The K-Means algorithm is a fundamental tool in machine learning, widely utilized for data clustering tasks. This research aims to improve the performance of the K-Means algorithm by integrating the Purity method, specifically focusing on clustering regions renowned for oil palm production in North Aceh. Oil palm cultivation is a vital agricultural sector in North Aceh, contributing significantly to the local economy and employment. This study examines two clustering techniques: the conventional K-Means algorithm and an optimized version, Purity+K-Means. The integration of the Purity method increases the efficiency of K-Means by decreasing the required iterations for convergence. The data used for clustering analysis is sourced from the Department of Agriculture and Food in North Aceh Regency and pertains to oil palm production in 2023. The findings indicate that the Purity+K-Means approach notably reduces the iteration count and improves cluster quality. The average Davies-Bouldin Index (DBI) for standard K-Means is 0.45, whereas the Purity+K-Means method lowers it to 0.30. Furthermore, applying the Purity method reduced the number of K-Means iterations from 15 to just 3. These results highlight an enhancement in clustering performance and overall efficiency.

References

Ezugwu, A. E., Ikotun, A. M., Oyelade, O. O., Abualigah, L., Agushaka, J. O., Eke, C. I., & Akinyelu, A. A. (2022). A comprehensive survey of clustering algorithms: State-of-the-art machine learning applications, taxonomy, challenges, and future research prospects. Engineering Applications of Artificial Intelligence, 110, 104743.

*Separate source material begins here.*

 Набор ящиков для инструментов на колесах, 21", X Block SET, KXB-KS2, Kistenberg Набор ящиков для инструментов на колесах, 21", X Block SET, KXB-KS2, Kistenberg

Kouadio, K. L., Liu, J., Liu, R., Wang, Y., & Liu, W. (2024). K-Means Featurizer: A booster for intricate datasets. Earth Science Informatics, 17(2), 1203-1228.

Li, M., Frank, E., & Pfahringer, B. (2023). Large scale K-means clustering using GPUs. Data Mining and Knowledge Discovery, 37(1), 67-109.

Cebolla-Alemany, J., Martí, M. M., Viana, M., Moreno-Martín, V., San Félix, V., & Bou, D. (2024). Optimizing indoor air models through k-means clustering of nanoparticle size distribution data. Building and Environment, 112091.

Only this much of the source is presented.